As for personal savings, over the summer, the national savings rate for Americans fell to zero. A decade ago, it stood around 4 percent. The declining savings rate raises concerns that most Americans are not setting aside enough money for even a meager retirement.
Recent trends indicate that the shortage of healthcare workers has prompted some hospitals to restructure their retirement plans to recruit and retain workers. However, pensions vary from hospital to hospital.
“There needs to be more research done to determine how to improve benefits,” says Abraham.

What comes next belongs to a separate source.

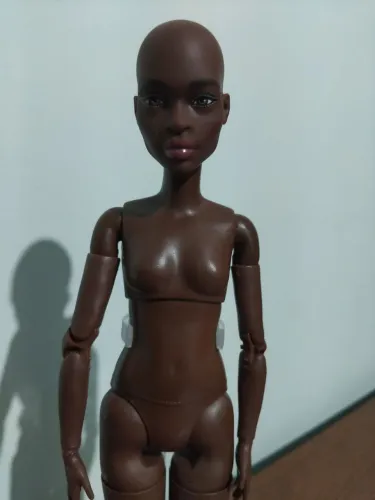 Barbie Basics You Create kit 3 - corpo petite com rosto Rose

Fortunately, unions have begun using more creative ways to negotiate better plans for their members, says Abraham. For example, a local can negotiate for its members to receive extra credit for overtime. In this scenario, a hospital would allow overtime pay to be used in the calculation of an employee’s final average salary. Another option would be to increase the pension multiplier for every year a member remains on the job after age 55. One other alternative unions can negotiate is a deferred retirement option, or DROP, plan. Under a DROP plan, workers can remain employed beyond their normal retirement age and continue to earn a salary while accumulating a nest egg payable in a lump sum. Workers receive that lump sum in addition to their pension when they eventually retire.
Sooner or later, hospitals must recognize that if they are going to retain experienced and highly qualified professionals, they will have to come up with ways of motivating them to stay on the job longer, says Abraham.